Jörn: Die Gesellschaft würde auch ohne Ehrenamt funktionieren. Aber dann könnte sich zum Beispiel kein Kulturbetreiber außer das Hessische Staatstheater mehr tragen. Man müsste sich fragen, was ist man bereit, für den Museumseintritt zu bezahlen? Für die Konzertkarte? Kein Mensch geht ins Theater, wenn er dafür 160 Euro zahlen muss.
In Wiesbaden nennen sich ca. 60.000 Menschen engagiert. Was bringt es, sich für andere einzusetzen?
Constanze: Ehrenamt macht Spaß. Und das soll es auch. Natürlich, die Arbeit in einem Hospiz oder für einsame Senior:innen kann herausfordernd sein. Aber Ehrenamt inspiriert auch, schafft einen Sinn im Leben, den viele beim Arbeiten vielleicht nicht sehen. Es ist eine Möglichkeit, sich selbst zu entfalten.
Maria: Es schafft auch neue soziale Kontakte. Es gibt Leute, die sind neu in Wiesbaden, gerade aus dem Beruf ausgestiegen. Und die sitzen plötzlich alleine auf der Couch und brauchen wieder Menschen um sich.
Das sind ja schon mal einige Gründe für Interessierte. Wie helft ihr den Wiesbadener Freiwilligen mit eurer Arbeit?
Constanze: Man findet auf unserer Website Organisationen, die gerade nach Hilfe suchen. Man kann sich registrieren lassen, ein Formular zu seinen Interessen ausfüllen und bekommt dann passende Vorschläge angezeigt.
Persönliche Beratung gibt es bei euch aber auch. Wie läuft die ab?
Jörn: Im Prinzip ist das ganz einfach. Man macht telefonisch einen Termin aus und kommt dann bei uns vorbei. Im Gespräch werden hier die individuellen Interessen und Kapazitäten erkundet. Da kann es schon mal passieren, dass aus einem Wunsch, unbedingt etwas mit Kultur zu machen, schließlich Jugendarbeit mit Kindern herauskommt. Am Ende bekommt man dann fünf bis sechs konkrete Vorschläge. Die Freiwilligen kommen mit den Organisationen in Kontakt. Passen beide Seiten zusammen, gibt es erst einmal eine Testphase.
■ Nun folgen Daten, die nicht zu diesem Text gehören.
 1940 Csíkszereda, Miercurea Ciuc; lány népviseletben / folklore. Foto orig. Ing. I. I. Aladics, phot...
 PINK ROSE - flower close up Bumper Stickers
Constanze: Unser Ziel ist es aber nicht, so viele Menschen so schnell wie möglich ins Ehrenamt zu bekommen. Bei uns soll jeder erst einmal richtig beraten und informiert werden. Wenn dann herauskommt, dass man eigentlich schon total überlastet ist, war es für uns trotzdem ein gewinnbringendes Gespräch.
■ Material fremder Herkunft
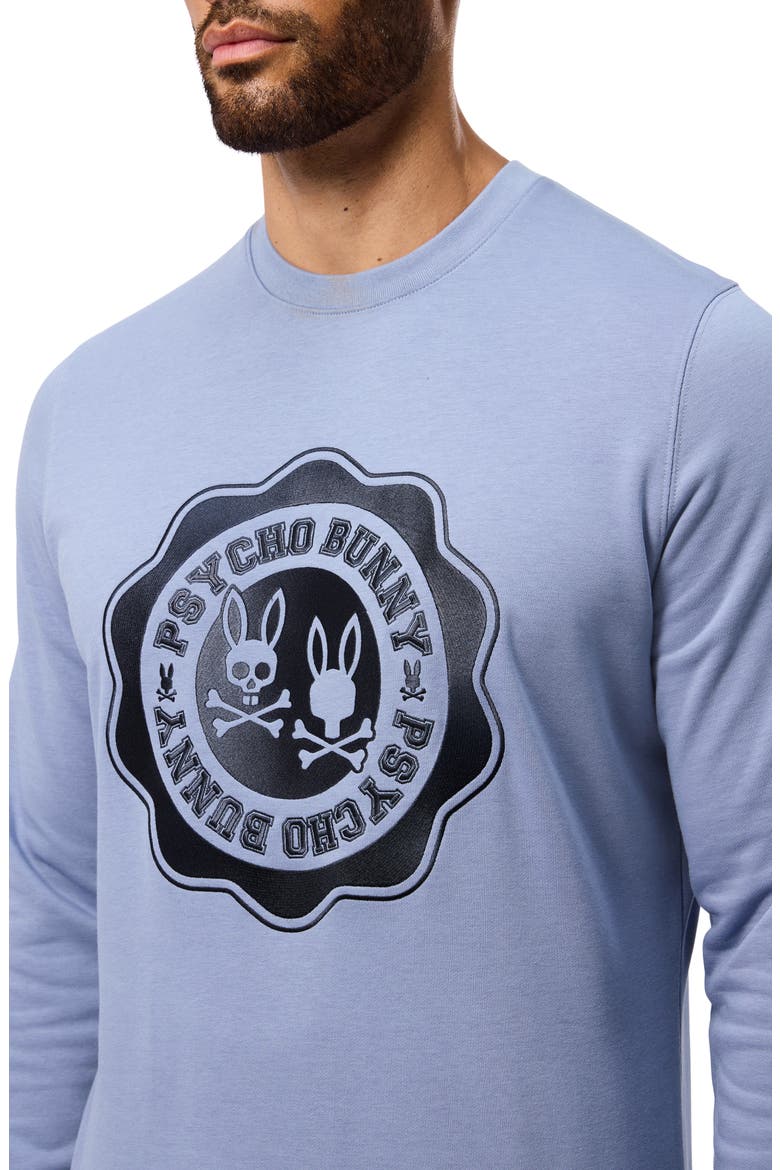 London Embroidered Sweatshirt, Alternate, color, TEMPEST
Immer mehr Vereine verzeichnen nur noch sinkende Mitgliederzahlen. Was heißt das fürs Ehrenamt?
Jörn: In den 70ern und 80ern war Ehrenamt noch total durch Vereine geprägt. Es war gerade in ländlichen Gebieten das Einzige, was man hatte. Für viele war es da selbstverständlich, Vereinsmitglied zu sein.
Constanze: In unserer Arbeit trennen wir aber klar zwischen Mitgliedern und Ehrenamtlichen. Beispiel Karneval: Mitglieder, das sind diejenigen, die regelmäßig zehn Euro überweisen und dann Angebote im Verein nutzen. Die fahren also auf dem Umzug mit und sind glücklich. Ehrenamtliche sind die, die sich bereiterklären, aufzupassen, dass niemand vor den Wagen fällt. Ehrenamtliche finden sich noch immer, aber wirklich langfristig Vereinsmitglied wollen immer weniger Menschen werden.
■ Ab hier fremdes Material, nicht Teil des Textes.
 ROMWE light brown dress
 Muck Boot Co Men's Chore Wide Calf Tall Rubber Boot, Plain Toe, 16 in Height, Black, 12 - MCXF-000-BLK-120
Maria: Man bindet sich nicht mehr so leicht, möchte individueller, freier mit seiner Zeit umgehen. Die Menschen engagieren sich punktueller für ihre Interessen, sind öfter bei einzelnen Projekten dabei als in Gremien mit festem Mandat.
Wie blickt ihr auf die Zukunft des Ehrenamts?
Constanze: Wir erleben eine Veränderung in der Engagement-Szene, besonders in der Vereinslandschaft. Die Schwierigkeit wird es aber nicht sein, dass sich nicht mehr genug Ehrenamtliche finden. Während der letzten Krisen hat sich ja gezeigt, wie viel Potenzial an Engagement es gibt. In Zeiten der Ukrainehilfe waren es dreimal mehr Menschen. Ich werde nie vergessen, einen Tag nach Kriegsbeginn: Plötzlich standen Menschen vor der Tür und sagten, sie hätten ein Wohnzimmer frei oder kamen, um Sachspenden zu verteilen.
Maria: Die Herausforderung wird sein, zu definieren, wo Ehrenamt aufhört. Ehrenamt darf kein kostenfreier Jobmarkt werden. Stichwort Pflege und Erziehung. Es darf einfach nicht sein, dass jemand ehrenamtlich acht Stunden am Tag eine Gruppe von 20 Kindern betreut, weil da kein hauptamtlicher Erzieher mehr ist.